Employment Appeal Tribunal backs union, saying workers were not properly consulted
A group of residential care workers backed by UNISON are one step closer to fairness after an Employment Appeal Tribunal backed their claim that they were not properly consulted over cuts to their pay, terms and conditions.
In 2010, about 300 care workers at Fullerton House School in Yorkshire, for children with learning difficulties, were given a choice, either accept cuts to their working hours, wage freezes and a reduction to their overtime payments or face redundancies.
Whilst most workers accepted the changes, 198 workers turned to UNISON for support when it was revealed the employer had not lawfully consulted them about the proposals.
UNISON argued that the Hesley Group who runs Fullerton House did not follow the rules for consulting workers on collective redundancies.

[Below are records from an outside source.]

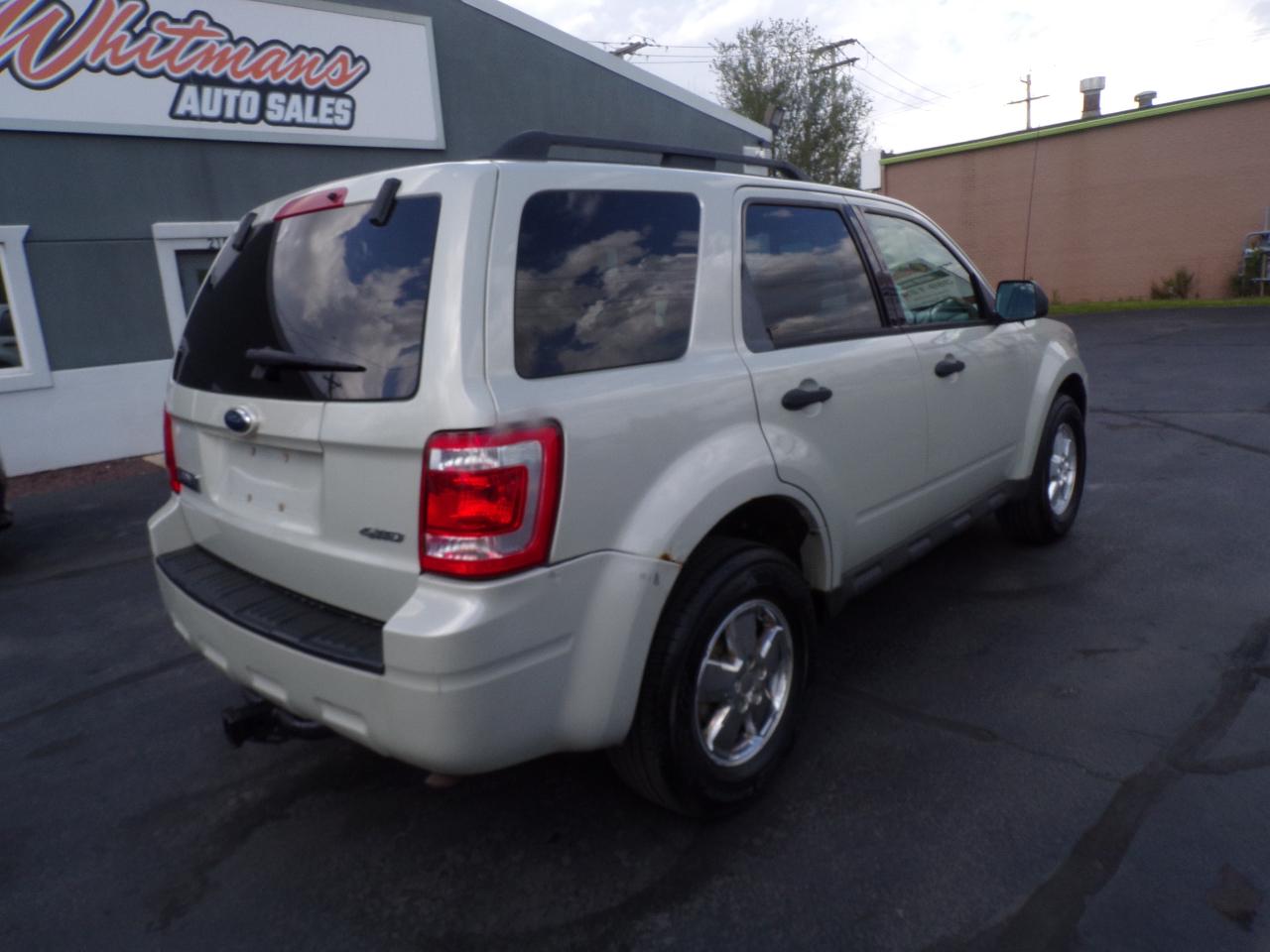 Ford Escape XLT 4WD I4 2009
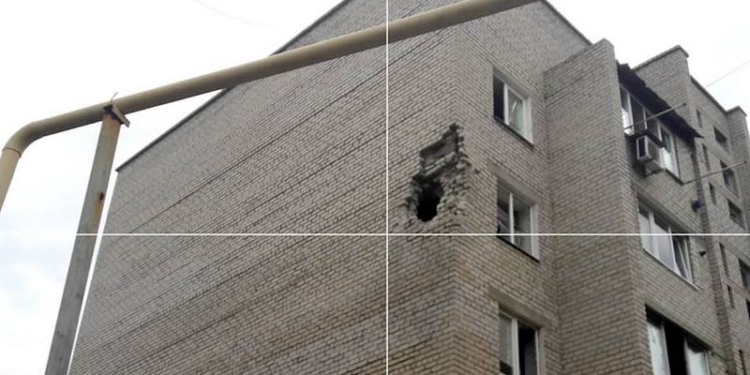 Боевики в Марьинке расстреляли жилой дом из артиллерии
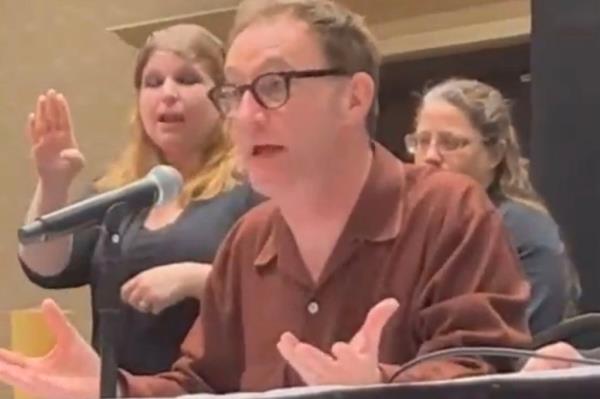 Tom Kenny reveals Spo<em></em>ngeBob is autistic
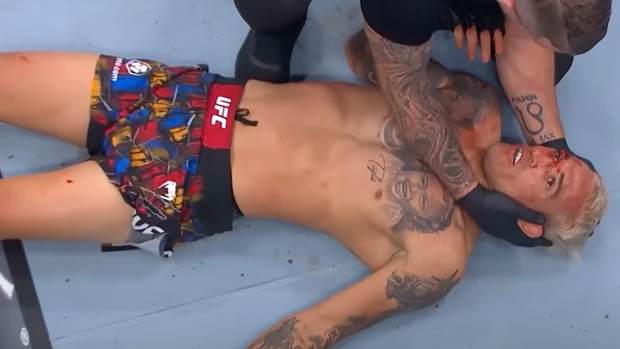 charles-oliveira-outUFC317-1600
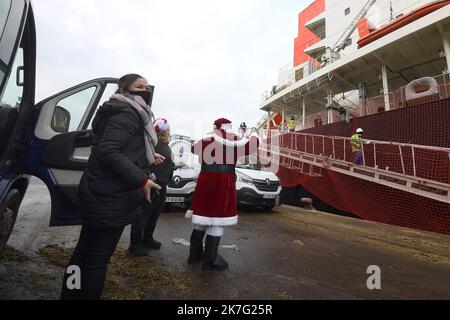 ©PHOTOPQR/VOIX DU Nord/Marc Demeure ; 24/12/2021 ; Dunkerque le 24/12/ 2021.Les bénévoles du Seamen's Club distributent des colis de Noël aux marins en escale. Foto MARC DEMEURE / La Voix Du Nord. Verteilung von Weihnachtspaketen an Seeleute, die am 24. Dezember 2021 in Dünkirchen einberufen Stockfoto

This argument was rejected by Sheffield’s employment tribunal, but they have now been ordered to re-examine their decision.
If the second Employment Tribunal upholds this decision, the care workers will be in line for a payment equal to as much as 90 days of their wages.
Bronwyn McKenna, UNISON Assistant General Secretary, said: “This case should serve as a reminder to the growing number of employers making plans for collective redundancies that they must take their responsibilities to staff, and to the law, seriously.
“These low paid care workers were not properly consulted on plans to cut their pay, hours and overtime. UNISON was determined that they were not going to get away with flouting their responsibilities to their hardworking staff. We are calling on the employers to drop the expensive legal challenges and resolve this case immediately.”